● **Work to be completed**: Extract the lines from the first line of the records below through the line containing "I sure hope", inclusive, and reproduce them exactly as written.
[Data shown — start]
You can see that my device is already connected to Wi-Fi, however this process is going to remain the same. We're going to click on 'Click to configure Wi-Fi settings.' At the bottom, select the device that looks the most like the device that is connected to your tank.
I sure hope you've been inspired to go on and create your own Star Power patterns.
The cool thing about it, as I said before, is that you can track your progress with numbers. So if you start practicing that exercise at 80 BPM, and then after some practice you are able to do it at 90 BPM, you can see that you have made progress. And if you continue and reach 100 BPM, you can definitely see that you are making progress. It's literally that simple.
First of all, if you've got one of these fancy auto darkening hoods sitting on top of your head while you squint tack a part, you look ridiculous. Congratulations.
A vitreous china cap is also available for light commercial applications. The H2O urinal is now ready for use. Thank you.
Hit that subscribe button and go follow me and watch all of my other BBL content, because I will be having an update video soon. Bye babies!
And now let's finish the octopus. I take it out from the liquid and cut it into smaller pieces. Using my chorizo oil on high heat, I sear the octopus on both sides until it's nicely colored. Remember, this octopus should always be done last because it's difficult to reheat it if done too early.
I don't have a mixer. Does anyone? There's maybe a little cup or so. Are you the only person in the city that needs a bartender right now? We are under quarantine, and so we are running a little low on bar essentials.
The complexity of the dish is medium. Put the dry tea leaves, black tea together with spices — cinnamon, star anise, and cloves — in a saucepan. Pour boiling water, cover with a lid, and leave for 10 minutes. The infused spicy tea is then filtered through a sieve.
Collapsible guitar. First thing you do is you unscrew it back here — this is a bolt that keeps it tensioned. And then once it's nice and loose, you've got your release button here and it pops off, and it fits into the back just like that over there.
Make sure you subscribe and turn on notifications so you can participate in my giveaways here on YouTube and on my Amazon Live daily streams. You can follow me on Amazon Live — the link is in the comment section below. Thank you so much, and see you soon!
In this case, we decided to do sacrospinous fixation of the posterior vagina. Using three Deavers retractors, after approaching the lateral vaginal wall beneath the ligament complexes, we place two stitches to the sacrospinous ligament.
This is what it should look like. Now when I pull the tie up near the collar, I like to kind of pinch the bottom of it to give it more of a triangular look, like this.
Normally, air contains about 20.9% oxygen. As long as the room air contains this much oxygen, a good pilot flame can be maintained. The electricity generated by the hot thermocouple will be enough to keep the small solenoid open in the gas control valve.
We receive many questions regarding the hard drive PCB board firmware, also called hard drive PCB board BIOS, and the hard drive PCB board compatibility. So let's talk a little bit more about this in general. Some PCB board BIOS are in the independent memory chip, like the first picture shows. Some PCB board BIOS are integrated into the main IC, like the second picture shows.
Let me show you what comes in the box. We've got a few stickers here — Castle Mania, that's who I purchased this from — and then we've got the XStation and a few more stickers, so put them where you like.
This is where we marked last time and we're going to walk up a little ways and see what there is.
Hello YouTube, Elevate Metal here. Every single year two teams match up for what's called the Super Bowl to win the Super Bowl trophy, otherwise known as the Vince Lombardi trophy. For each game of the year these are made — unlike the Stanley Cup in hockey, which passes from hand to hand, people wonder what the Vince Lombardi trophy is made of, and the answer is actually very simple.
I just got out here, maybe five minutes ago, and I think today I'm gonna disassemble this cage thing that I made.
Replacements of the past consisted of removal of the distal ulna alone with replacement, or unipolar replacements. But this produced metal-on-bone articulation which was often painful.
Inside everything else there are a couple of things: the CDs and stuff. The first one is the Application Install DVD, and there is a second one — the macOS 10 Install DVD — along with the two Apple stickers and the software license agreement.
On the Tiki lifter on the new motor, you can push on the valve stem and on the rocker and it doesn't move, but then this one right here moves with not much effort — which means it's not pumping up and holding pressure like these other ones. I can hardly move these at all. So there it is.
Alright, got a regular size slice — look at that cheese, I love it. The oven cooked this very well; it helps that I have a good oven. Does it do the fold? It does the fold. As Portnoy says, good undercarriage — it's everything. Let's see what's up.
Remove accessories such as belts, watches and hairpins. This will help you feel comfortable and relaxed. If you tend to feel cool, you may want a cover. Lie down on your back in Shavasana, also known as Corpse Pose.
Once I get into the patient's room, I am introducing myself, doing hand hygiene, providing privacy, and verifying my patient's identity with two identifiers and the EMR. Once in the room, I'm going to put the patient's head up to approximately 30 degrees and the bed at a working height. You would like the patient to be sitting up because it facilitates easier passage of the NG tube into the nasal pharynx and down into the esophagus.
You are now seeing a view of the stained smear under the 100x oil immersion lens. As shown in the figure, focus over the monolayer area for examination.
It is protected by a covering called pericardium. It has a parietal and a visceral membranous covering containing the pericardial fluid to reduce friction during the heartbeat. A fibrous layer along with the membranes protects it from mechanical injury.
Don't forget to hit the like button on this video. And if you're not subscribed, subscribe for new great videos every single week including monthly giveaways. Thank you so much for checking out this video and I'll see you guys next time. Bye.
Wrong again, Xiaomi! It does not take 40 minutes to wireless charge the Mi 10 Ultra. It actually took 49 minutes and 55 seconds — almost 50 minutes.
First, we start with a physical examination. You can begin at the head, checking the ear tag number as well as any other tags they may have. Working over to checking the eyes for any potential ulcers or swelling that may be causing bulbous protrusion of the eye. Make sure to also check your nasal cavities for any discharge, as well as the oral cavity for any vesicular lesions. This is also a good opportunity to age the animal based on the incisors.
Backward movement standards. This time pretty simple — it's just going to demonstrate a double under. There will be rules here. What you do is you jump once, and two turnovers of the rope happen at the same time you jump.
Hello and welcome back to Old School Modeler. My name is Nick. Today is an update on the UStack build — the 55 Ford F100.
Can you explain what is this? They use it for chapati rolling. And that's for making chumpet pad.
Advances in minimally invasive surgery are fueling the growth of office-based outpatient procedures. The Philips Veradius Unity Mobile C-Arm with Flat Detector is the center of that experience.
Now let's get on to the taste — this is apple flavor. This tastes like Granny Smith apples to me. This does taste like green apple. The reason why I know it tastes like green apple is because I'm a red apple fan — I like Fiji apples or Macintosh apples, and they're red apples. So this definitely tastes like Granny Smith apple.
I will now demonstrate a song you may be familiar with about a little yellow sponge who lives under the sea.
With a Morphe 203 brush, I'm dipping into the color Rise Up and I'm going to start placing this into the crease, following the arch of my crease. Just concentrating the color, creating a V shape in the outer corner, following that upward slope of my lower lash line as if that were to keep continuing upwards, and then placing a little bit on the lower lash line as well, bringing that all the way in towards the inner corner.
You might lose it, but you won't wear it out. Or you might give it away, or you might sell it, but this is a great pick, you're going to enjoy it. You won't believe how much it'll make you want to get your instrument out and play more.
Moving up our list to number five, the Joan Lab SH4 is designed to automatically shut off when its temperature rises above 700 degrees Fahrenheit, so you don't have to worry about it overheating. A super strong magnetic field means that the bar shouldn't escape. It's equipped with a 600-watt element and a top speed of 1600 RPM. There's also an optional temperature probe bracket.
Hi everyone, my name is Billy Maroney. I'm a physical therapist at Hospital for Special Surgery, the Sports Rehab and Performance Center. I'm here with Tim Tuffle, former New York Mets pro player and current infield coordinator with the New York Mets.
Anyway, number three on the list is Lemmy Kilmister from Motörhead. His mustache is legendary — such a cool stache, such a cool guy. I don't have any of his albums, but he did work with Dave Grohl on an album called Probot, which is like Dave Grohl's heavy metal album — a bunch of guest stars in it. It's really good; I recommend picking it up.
[Data shown — finish]
● **Answer space**:
You can see that my device is already connected to Wi-Fi, however this process is going to remain the same. We're going to click on 'Click to configure Wi-Fi settings.' At the bottom, select the device that looks the most like the device that is connected to your tank.
I sure hope you've been inspired to go on and create your own Star Power patterns.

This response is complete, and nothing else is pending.